* TO DO *
Write out, word for word, only the data from its first line to the line containing "Photorealistic shortlist image".

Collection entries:
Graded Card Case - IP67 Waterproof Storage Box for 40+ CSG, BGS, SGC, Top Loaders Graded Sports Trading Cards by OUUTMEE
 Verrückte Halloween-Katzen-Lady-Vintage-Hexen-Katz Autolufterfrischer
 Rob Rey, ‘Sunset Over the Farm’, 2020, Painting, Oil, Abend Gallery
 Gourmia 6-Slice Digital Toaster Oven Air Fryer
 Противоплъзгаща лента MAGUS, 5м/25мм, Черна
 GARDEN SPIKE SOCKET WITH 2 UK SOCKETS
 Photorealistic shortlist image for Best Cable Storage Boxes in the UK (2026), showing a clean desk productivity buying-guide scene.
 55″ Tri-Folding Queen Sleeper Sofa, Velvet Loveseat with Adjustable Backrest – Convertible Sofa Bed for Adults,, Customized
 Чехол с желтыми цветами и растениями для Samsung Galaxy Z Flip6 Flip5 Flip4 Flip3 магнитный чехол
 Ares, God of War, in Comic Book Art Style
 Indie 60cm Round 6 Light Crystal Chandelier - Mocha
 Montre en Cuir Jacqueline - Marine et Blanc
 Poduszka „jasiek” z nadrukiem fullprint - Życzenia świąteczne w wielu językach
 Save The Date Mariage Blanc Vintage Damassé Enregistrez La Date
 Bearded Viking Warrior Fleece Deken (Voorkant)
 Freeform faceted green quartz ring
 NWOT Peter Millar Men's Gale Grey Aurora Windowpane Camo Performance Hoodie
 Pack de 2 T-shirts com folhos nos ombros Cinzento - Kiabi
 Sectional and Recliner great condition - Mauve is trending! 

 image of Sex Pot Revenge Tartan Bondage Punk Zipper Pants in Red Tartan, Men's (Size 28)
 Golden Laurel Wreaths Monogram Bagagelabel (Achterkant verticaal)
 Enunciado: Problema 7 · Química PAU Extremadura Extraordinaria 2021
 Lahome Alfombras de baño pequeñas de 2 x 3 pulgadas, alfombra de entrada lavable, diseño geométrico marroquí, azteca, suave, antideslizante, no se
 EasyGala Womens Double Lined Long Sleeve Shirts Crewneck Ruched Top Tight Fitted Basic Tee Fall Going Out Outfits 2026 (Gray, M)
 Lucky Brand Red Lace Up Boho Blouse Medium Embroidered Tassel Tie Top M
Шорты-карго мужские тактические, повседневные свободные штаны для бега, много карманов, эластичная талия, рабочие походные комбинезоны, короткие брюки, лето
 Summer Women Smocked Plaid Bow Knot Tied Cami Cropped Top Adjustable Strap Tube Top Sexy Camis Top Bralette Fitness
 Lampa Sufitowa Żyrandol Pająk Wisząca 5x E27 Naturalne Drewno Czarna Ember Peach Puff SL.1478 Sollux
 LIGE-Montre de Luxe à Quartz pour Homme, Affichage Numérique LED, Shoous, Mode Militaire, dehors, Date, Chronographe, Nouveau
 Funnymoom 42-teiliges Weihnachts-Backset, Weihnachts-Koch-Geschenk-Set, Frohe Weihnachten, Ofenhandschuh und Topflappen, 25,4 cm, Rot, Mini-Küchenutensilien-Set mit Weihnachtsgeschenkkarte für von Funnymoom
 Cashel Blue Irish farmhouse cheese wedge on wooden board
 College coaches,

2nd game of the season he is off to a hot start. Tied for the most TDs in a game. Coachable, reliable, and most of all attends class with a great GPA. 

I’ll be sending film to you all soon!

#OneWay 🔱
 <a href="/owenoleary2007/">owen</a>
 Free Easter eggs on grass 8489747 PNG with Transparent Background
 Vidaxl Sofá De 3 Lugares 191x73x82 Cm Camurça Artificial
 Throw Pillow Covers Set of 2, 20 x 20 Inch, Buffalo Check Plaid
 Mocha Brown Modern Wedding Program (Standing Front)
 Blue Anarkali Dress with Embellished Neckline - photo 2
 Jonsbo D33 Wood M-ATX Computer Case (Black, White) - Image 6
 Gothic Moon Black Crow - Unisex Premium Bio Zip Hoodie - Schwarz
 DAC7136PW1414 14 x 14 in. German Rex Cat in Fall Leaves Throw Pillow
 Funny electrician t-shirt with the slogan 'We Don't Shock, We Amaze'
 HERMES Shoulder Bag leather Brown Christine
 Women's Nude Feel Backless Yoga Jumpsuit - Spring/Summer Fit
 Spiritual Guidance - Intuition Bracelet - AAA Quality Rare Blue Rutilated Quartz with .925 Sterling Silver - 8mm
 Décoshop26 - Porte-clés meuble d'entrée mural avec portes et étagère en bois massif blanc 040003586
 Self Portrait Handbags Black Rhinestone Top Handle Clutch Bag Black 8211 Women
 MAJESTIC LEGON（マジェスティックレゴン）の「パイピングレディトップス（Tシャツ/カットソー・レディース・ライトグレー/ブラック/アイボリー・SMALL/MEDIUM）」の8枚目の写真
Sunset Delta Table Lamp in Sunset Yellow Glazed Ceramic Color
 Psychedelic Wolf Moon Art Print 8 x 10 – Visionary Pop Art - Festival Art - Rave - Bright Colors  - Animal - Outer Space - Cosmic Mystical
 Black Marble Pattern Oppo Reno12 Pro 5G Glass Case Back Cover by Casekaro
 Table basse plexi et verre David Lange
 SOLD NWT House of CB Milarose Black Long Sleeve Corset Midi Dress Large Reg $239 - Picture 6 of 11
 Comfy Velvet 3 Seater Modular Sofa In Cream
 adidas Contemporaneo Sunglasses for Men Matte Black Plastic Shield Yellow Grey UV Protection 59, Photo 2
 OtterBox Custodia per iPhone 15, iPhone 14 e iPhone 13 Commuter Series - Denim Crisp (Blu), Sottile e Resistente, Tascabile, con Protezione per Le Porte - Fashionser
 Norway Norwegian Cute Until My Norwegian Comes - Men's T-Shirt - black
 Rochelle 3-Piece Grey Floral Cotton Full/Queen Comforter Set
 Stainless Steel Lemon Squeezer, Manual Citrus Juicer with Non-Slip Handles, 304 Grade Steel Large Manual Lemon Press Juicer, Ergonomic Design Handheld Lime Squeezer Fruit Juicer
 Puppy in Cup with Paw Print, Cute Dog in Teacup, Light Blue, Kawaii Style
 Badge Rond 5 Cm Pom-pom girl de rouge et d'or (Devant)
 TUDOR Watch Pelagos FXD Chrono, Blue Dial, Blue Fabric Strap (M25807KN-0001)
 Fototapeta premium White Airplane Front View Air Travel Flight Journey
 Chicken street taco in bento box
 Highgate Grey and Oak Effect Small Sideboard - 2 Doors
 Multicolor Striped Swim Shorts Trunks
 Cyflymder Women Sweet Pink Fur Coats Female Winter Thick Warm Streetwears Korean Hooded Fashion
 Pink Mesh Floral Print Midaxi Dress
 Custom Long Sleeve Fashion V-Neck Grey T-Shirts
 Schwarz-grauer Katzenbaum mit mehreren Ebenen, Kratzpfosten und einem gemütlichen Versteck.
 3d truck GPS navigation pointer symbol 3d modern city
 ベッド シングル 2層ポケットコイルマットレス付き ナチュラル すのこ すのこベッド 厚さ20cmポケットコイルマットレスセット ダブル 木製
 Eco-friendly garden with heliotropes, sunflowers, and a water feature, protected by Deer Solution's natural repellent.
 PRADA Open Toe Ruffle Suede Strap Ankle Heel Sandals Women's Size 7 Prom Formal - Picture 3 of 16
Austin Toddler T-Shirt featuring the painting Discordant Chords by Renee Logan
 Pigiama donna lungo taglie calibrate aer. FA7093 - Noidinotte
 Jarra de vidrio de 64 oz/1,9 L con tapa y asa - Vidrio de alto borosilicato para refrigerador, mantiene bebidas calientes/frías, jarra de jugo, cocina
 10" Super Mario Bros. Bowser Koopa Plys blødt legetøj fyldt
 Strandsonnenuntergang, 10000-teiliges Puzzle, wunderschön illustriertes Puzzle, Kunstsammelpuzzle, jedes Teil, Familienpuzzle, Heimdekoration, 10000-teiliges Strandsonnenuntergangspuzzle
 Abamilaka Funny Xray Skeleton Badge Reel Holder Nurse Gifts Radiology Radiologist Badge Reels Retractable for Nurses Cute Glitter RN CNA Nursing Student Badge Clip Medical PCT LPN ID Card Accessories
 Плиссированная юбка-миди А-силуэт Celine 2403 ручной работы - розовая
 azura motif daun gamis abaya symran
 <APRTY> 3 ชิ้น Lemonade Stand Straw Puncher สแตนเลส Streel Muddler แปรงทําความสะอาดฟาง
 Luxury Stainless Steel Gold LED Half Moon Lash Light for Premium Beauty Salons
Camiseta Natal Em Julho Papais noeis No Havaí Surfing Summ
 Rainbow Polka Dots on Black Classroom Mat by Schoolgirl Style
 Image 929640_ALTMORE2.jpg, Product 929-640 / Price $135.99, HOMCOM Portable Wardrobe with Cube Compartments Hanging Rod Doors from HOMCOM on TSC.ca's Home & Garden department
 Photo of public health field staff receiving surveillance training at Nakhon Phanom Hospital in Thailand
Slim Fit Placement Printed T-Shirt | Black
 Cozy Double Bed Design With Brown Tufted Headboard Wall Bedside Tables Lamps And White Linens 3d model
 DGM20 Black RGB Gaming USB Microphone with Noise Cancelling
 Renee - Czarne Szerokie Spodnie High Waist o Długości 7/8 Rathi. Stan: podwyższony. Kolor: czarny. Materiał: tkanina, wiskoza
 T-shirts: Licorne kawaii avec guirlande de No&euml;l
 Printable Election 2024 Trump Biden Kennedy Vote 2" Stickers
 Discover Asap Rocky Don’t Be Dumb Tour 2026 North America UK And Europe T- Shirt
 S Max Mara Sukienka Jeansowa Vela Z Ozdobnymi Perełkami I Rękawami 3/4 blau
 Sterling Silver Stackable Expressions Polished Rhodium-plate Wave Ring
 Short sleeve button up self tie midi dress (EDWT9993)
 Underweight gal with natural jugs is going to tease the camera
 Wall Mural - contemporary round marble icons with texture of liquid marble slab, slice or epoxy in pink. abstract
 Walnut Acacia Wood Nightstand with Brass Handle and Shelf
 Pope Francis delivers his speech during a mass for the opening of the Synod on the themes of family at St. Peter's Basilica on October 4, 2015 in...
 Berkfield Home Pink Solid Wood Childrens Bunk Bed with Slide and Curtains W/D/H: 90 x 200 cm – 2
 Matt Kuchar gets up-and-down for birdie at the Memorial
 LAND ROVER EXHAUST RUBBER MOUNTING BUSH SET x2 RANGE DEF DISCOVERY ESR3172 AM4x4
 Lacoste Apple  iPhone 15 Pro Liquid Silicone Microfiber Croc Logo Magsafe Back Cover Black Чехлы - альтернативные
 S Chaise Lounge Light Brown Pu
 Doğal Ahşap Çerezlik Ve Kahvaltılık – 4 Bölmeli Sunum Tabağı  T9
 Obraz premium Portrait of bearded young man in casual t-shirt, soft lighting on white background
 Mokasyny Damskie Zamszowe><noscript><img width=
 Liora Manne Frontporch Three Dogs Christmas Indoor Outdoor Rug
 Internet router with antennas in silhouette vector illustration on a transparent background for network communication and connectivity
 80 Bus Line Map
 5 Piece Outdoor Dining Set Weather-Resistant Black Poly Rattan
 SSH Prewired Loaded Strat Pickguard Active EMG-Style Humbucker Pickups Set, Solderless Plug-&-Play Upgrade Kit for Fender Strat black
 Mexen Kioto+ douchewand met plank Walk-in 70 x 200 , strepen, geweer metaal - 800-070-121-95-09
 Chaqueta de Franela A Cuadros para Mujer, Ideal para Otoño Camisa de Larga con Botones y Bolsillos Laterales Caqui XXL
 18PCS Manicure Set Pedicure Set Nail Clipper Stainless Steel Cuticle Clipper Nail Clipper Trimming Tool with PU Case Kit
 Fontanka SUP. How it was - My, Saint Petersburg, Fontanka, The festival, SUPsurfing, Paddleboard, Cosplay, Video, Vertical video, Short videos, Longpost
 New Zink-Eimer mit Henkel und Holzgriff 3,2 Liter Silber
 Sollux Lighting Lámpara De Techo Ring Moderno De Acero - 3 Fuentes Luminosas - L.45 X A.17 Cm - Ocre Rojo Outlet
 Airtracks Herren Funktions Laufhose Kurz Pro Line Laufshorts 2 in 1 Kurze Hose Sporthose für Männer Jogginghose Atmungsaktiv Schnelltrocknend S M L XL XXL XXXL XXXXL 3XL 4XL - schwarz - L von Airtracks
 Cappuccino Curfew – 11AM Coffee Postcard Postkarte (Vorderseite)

* REPLY *
Graded Card Case - IP67 Waterproof Storage Box for 40+ CSG, BGS, SGC, Top Loaders Graded Sports Trading Cards by OUUTMEE
 Verrückte Halloween-Katzen-Lady-Vintage-Hexen-Katz Autolufterfrischer
 Rob Rey, ‘Sunset Over the Farm’, 2020, Painting, Oil, Abend Gallery
 Gourmia 6-Slice Digital Toaster Oven Air Fryer
 Противоплъзгаща лента MAGUS, 5м/25мм, Черна
 GARDEN SPIKE SOCKET WITH 2 UK SOCKETS
 Photorealistic shortlist image for Best Cable Storage Boxes in the UK (2026), showing a clean desk productivity buying-guide scene.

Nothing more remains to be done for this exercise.